Wednesday, September 06, 2006

Global neighborhoods vs. global communities

Shel Israel was kind enough to asnswer one of my questions about his upcoming book on Global Neighborhoods. I asked what the difference was between a global neighborhood and a global community. His excellent and concise answer can be summarized as:
... I define global neighborhoods as slivers of global communities. It's where each of us hang out, feel comfortable, share issues of mutual concern. What is different about them is that these neighborhoods exist online before they spill over into the tangible world. ...

So, the answer is that both are relevant and important, both from a personal and business perspective as well as a sense of community perspective.

It is vitally important to capture the essence of this constant back and forth transitioning between online and the tangible world. Get the right balance and both worlds are much the better off for it.

I would quibble with one distinction that Shel attempted to draw:

[Thomas Friedman's "The World is Flat"] Flat World focused on global enterprises while I'm focusing on the startups who might disrupt them.

I would suggest substituting "large-scale enterprises" for "global enterprises", since even three individual business partners on separate continents (which I believe would be the epitome of what we are talking about here) could constitute a "global enterprise." Although I do realize that some circles do interpet "enterprise" as meaning big rather than simply meaning the totality of an organization.

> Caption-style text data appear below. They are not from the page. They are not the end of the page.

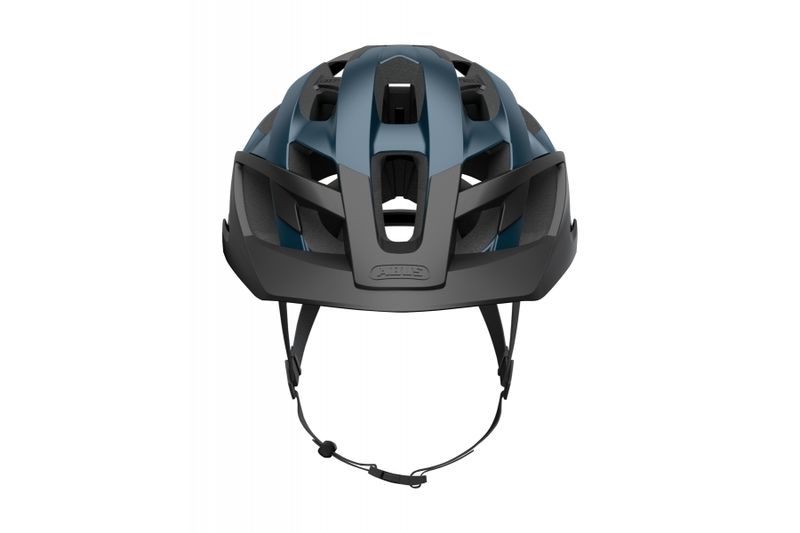 Abus Moventor Blue Helmet click to zoom image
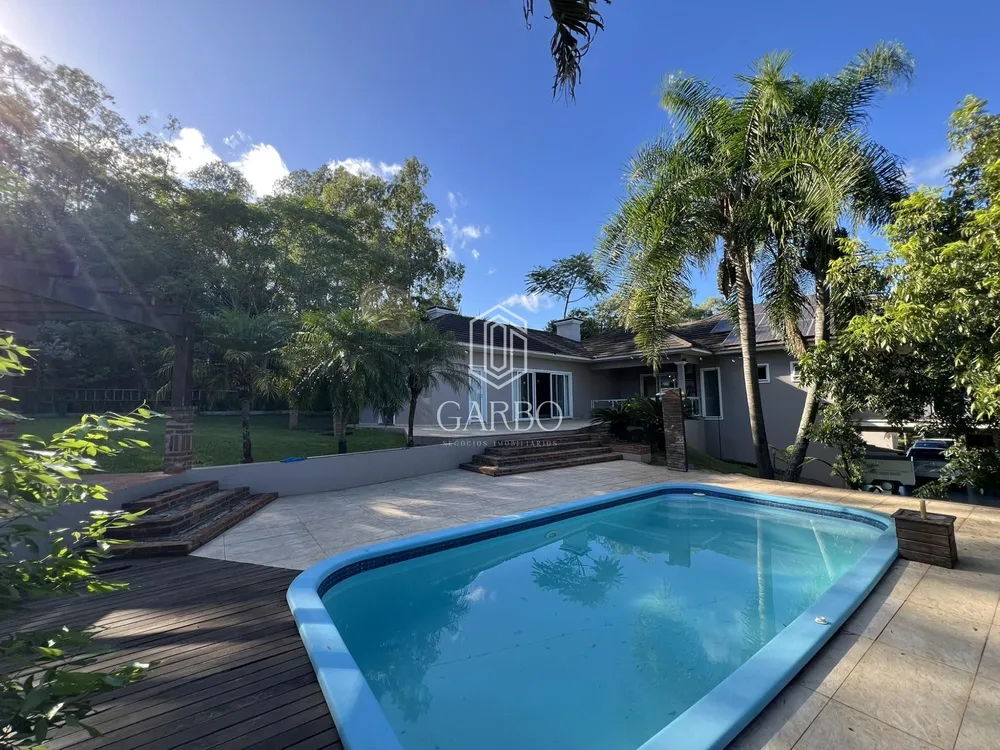 Chácara, 3 quartos, 5000 m² - Foto 1
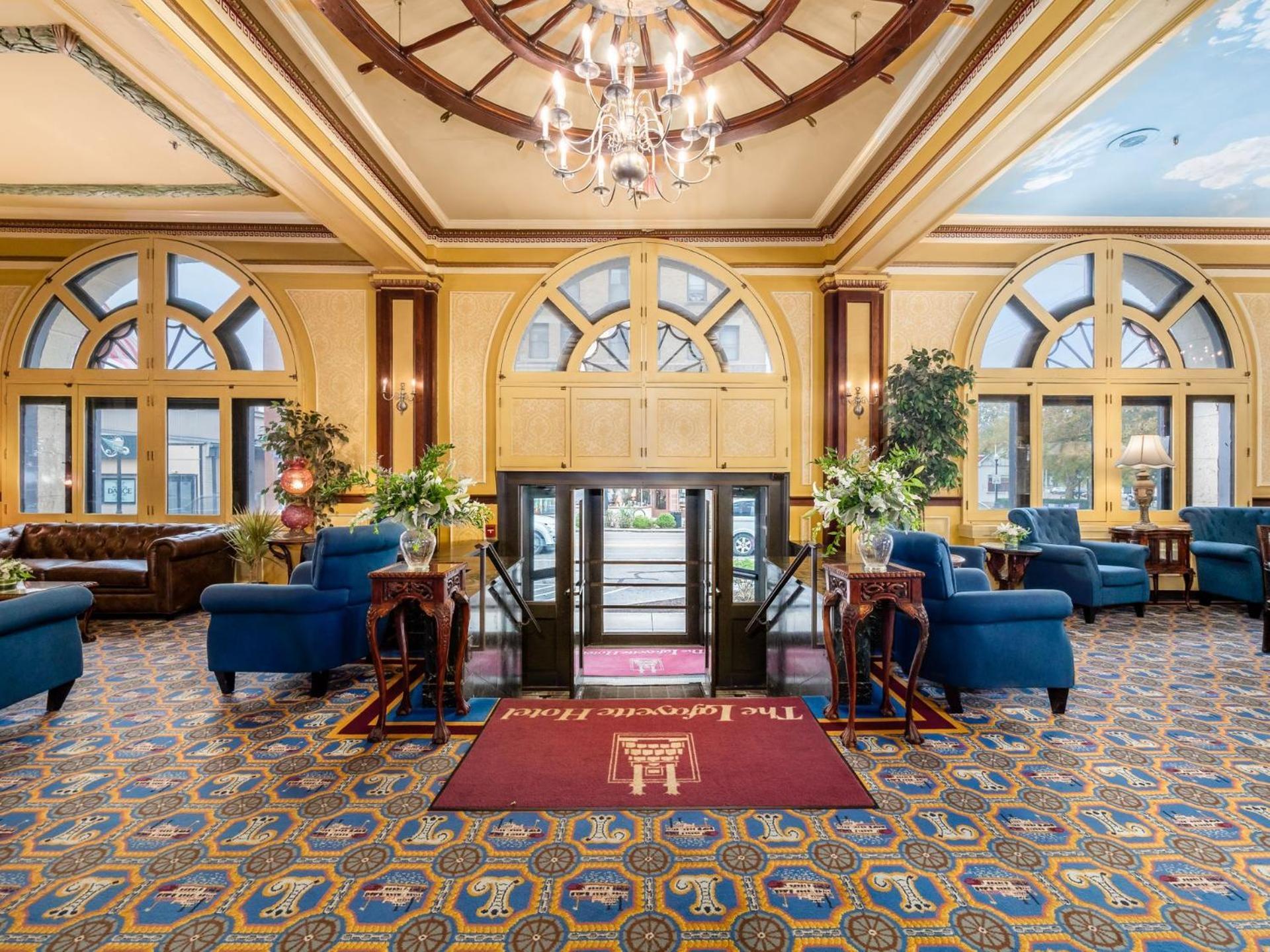 Lafayette Hotel Marietta Zewnętrze zdjęcie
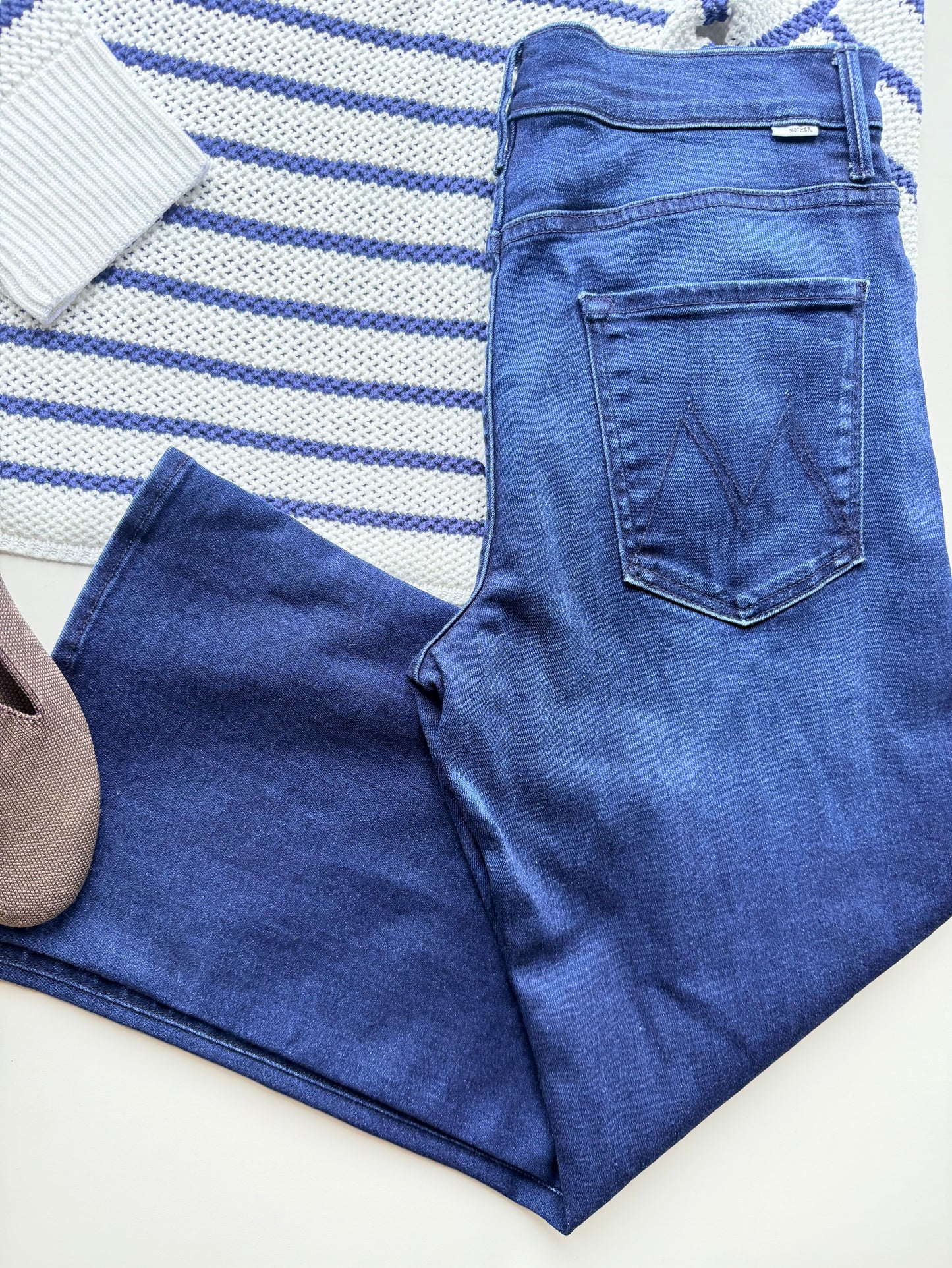 MOTHER JEANS (ORG. $278) 31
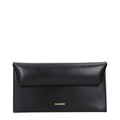 Jil Sander Black Leather Wallet Jil Sander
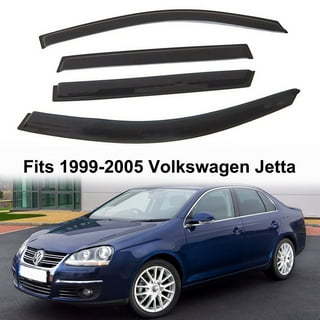 Mk6 jetta rain guards discount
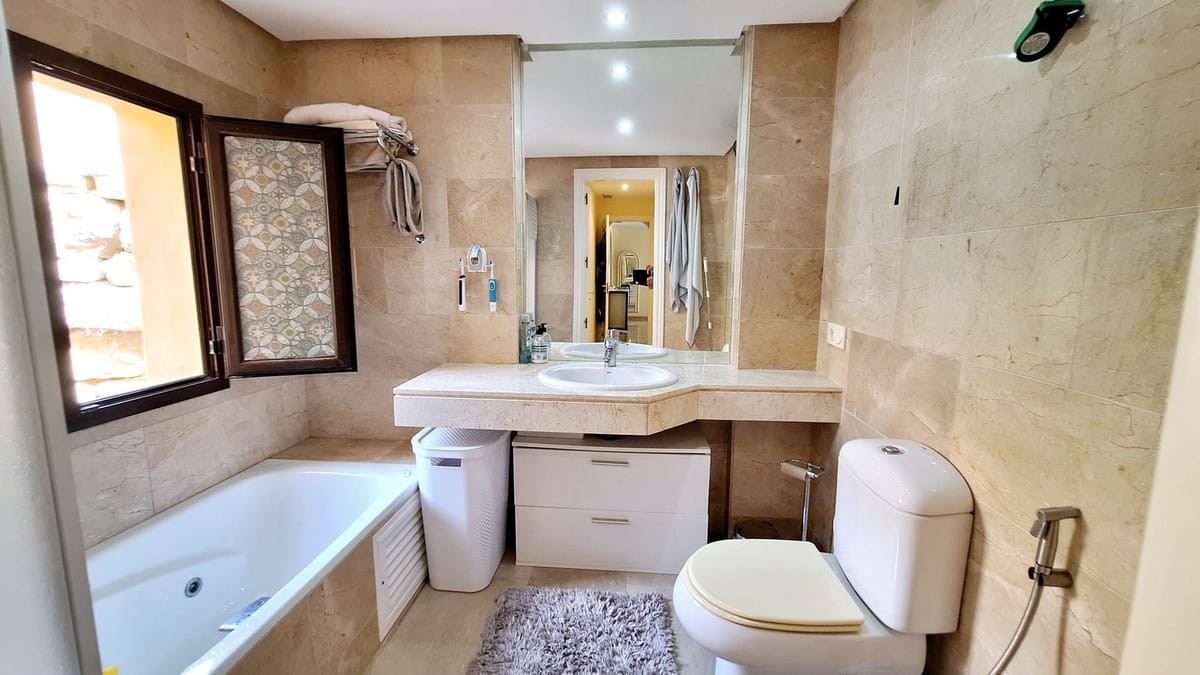 3-slaapkamer appartement in La Duquesa in La Duquesa - foto 11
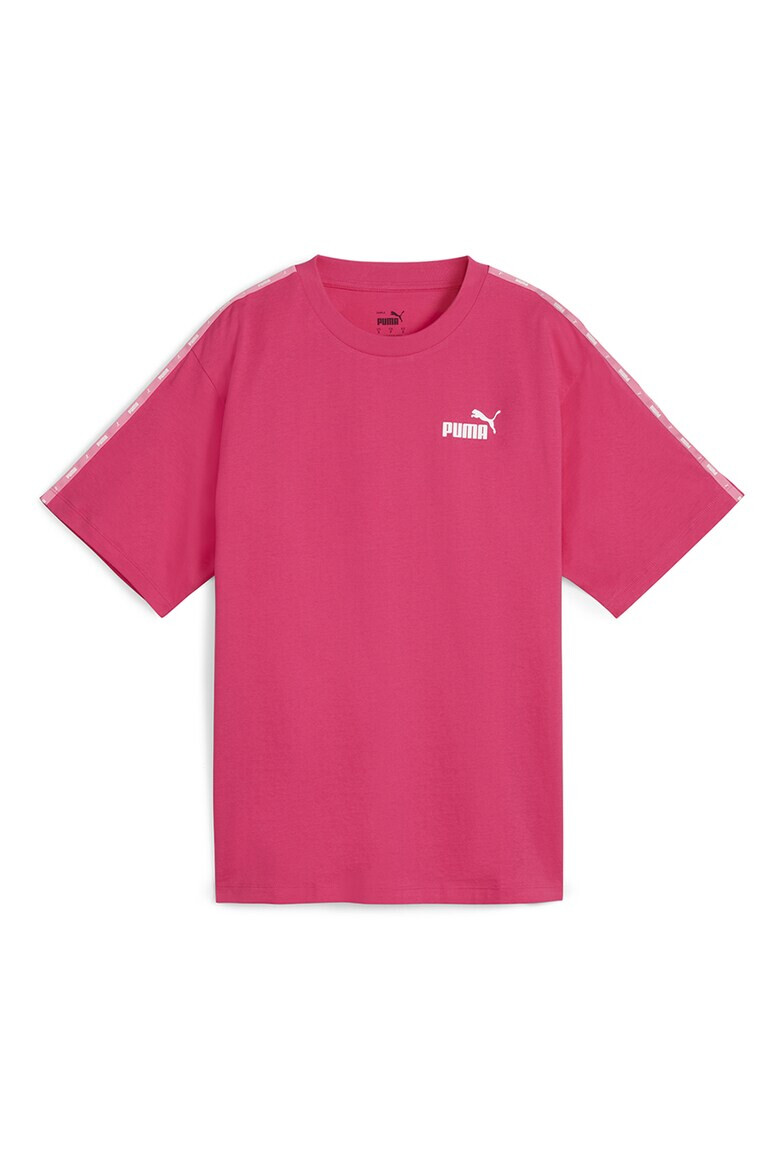 Puma Тениска Essential с овално деколте - Pepit.bg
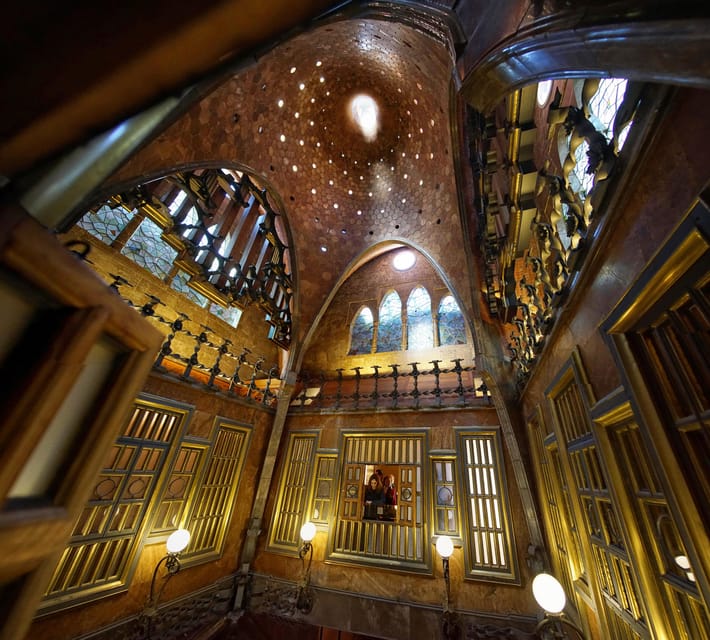 Barcelona: Palau Güell by Gaudí Entrance Ticket - Why Palau Güell deserves a place on your Barcelona list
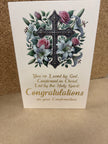 Confirmation Card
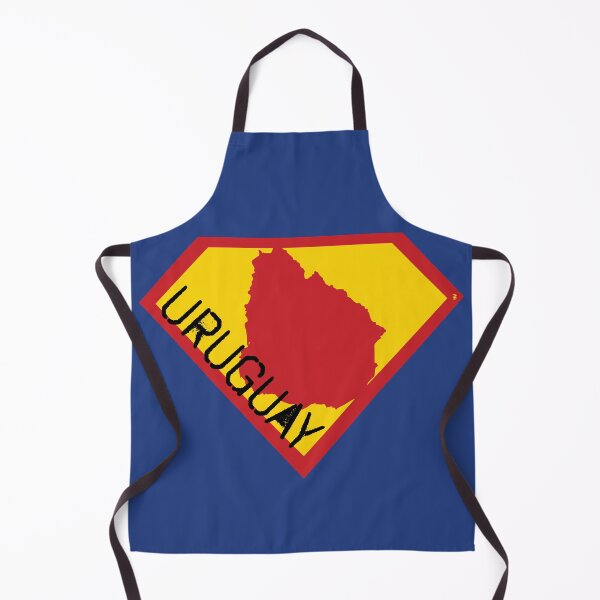 Item preview, URUGUAY Spell Out - Freedom Is The Superpower - SUPERHERO design designed and sold by pelagio.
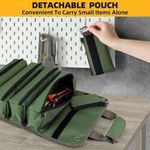 Generic Sac de Rangement Outils Professionnel avec Multiples Poches - image 6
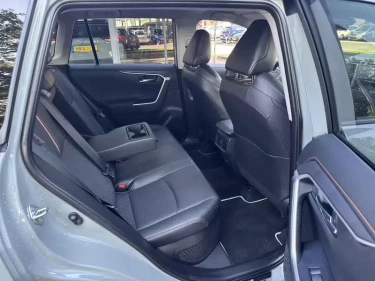 Foto van Toyota RAV4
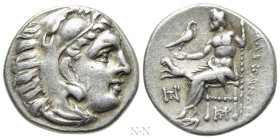 KINGS OF MACEDON. Alexander III 'the Great' (336-323 BC). Drachm. Abydos(?)
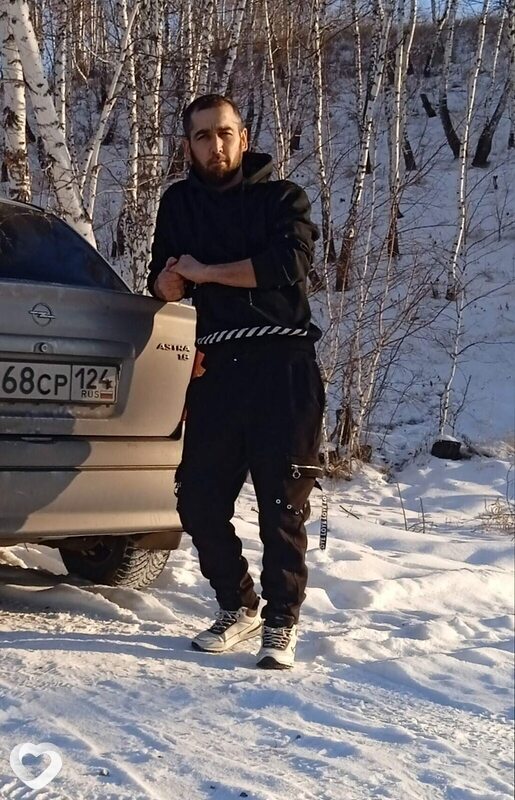 Дима, 36, Красноярске — анкета №1512897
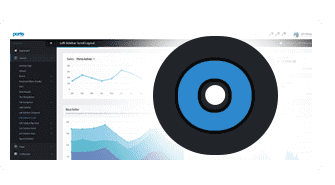 Works perfectly with Mixcore Template Admin Template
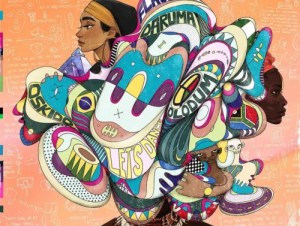 Flavour ft. Oskido, Olodum & X-Wise – Lets Dance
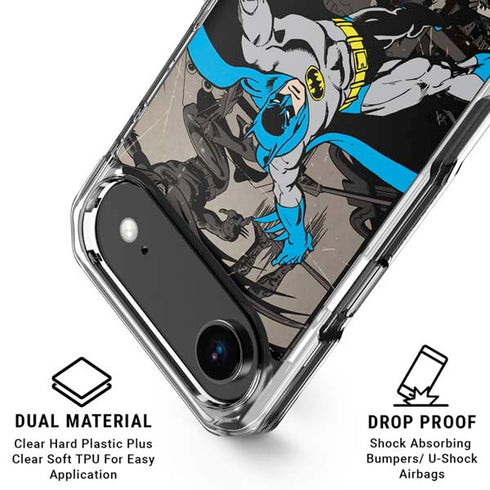 DC Comics Batman Classic Art iPhone 17 Air MagSafe Case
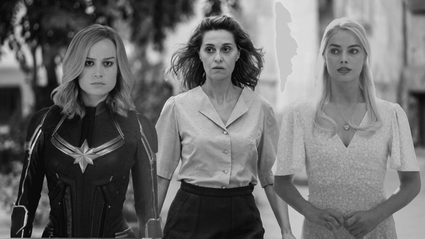 The Marvels vs C'e ancora domani: perche Paola Cortellesi e la vera supereroina del box office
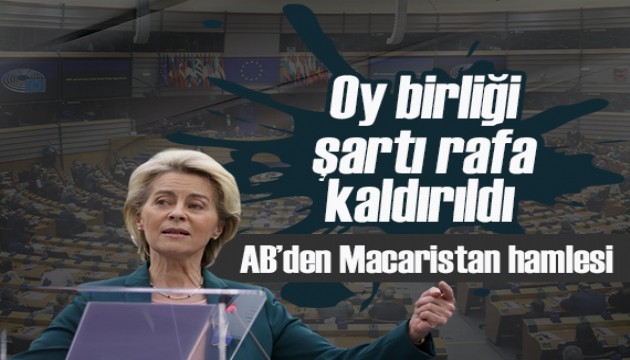 AB'den Macaristan'ı devre dışı bırakma hamlesi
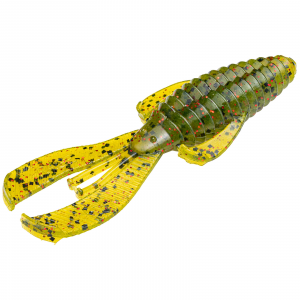 Image of Strike King Rage Baby Bug | Watermelon Red Flake; 3 in.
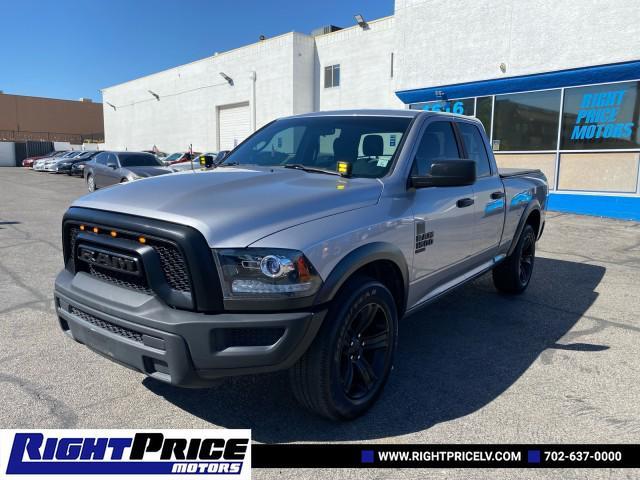 2021 RAM 1500 Classic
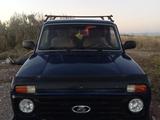 ВАЗ (Lada) Lada 2121 2009 годаfor1 650 000 тг. в Шелек – фото 2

My point would be that our endeavers are way too filled with too much frickin jargon and we need to do our best to reclaim the simple, common sense dictionary from the relentless poaching of overly-ambitious "consultants". To wit, in my dictionary (Merriam-Webster), an enterprise is "a unit of economic organization or activity; especially : a business organization." There is nothing about size in there.

Nonetheless, Shel's point about focusing on startups is well taken. Startups are indeed the lifeblood, the seedcorn of American business. That's probably the biggest reason that the American car companies are in so much trouble: there are no startups to help guide the way to greener pastures.

In any case, Shel, thank you for answering my question.